Plutôt que de saisir une offre d’achat « comme une bouée de sauvetage », elle invite les gens à réfléchir à leurs options et à « trouver les bons spécialistes à consulter », en soulignant par exemple que certains notaires offrent des services juridiques gratuits.

Si l’ACEF n’a pas eu à traiter de ce genre de dossiers jusqu’à présent, la conseillère n’en demeure pas moins préoccupée par cette nouvelle tendance qui vient s’ajouter à des phénomènes déjà connus de sollicitation offrant des prêts rapides à forts taux d’intérêt et sans vérification de dossier à des ménages déjà fort endettés ou encore des offres d’hypothèques inversées ciblant les personnes plus âgées.

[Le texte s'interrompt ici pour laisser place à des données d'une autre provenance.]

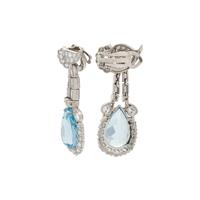 AQUAMARINE AND DIAMOND PENDANT EARRINGS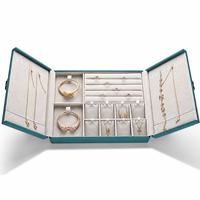 Boîte à bijoux double ouverture doublée en microfibre avec compartiments pour colliers, bagues, bracelets et boucles d'oreilles, organisateur doux en forme de papillon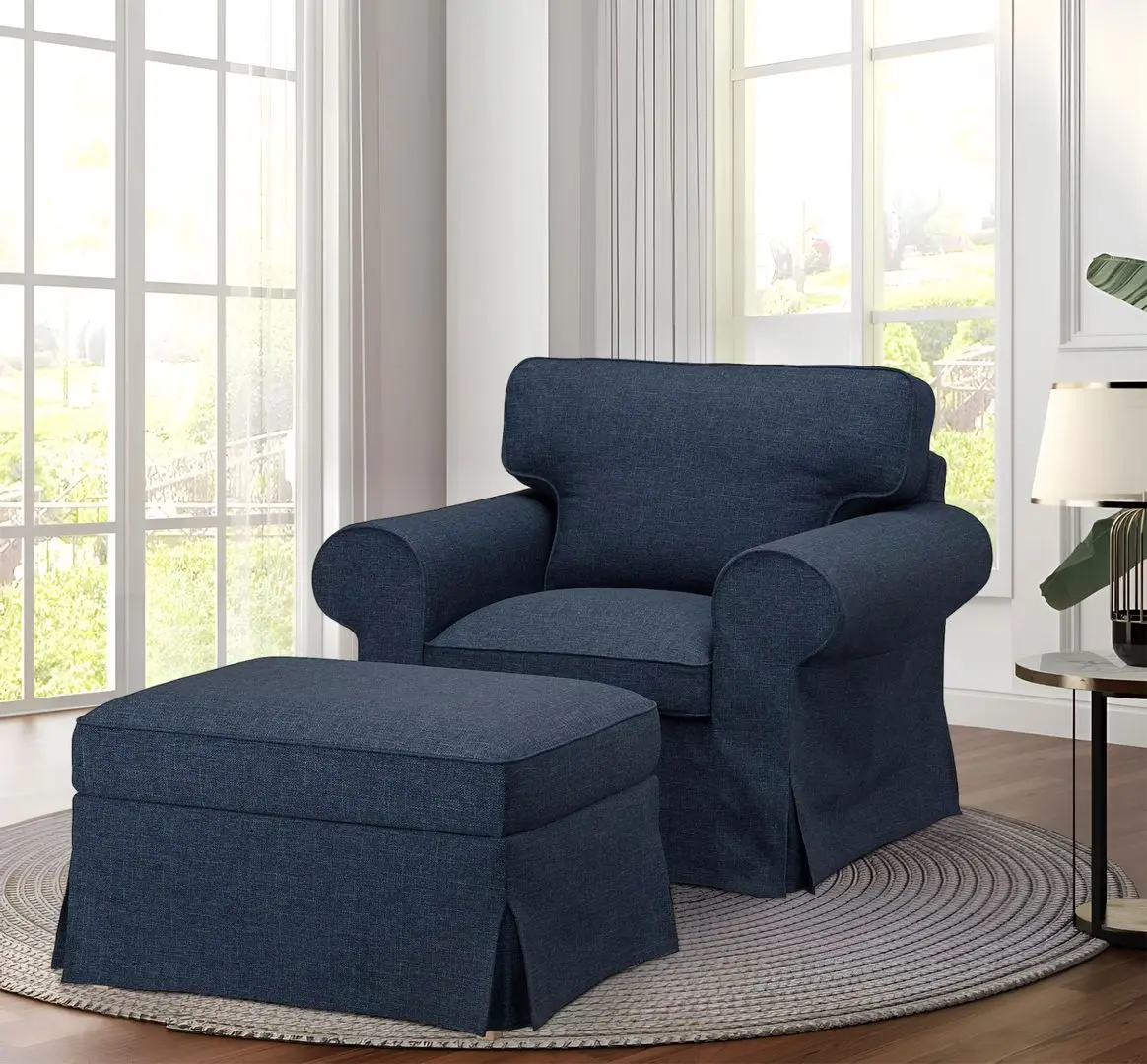 Fotoliu Ikea Ektorp/Kilanda cu puf (Albastru Inchis)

« Les aînés risquent d’être sur-sollicités », prévient Johanne Arnould en réitérant l’importance de se renseigner et, surtout, de bien prendre le temps de peser le pour et le contre avant d’accepter quelque offre que ce soit.

* Un flip immobilier consiste à acheter une propriété, souvent à prix d’aubaine, pour la rénover et la revendre rapidement dans le but de faire un profit. (Source: Guide habitation)

** L’éthos (ou ethos, du grec ancien ἦθος ễthos, pluriel ἤθη ếthê) est un mot grec qui peut être traduit par « coutume », il renvoie au caractère habituel, la manière d’être, les habitudes d’une personne, pouvant en ce sens être rendu par « comportement ». (Source: Wikipédia)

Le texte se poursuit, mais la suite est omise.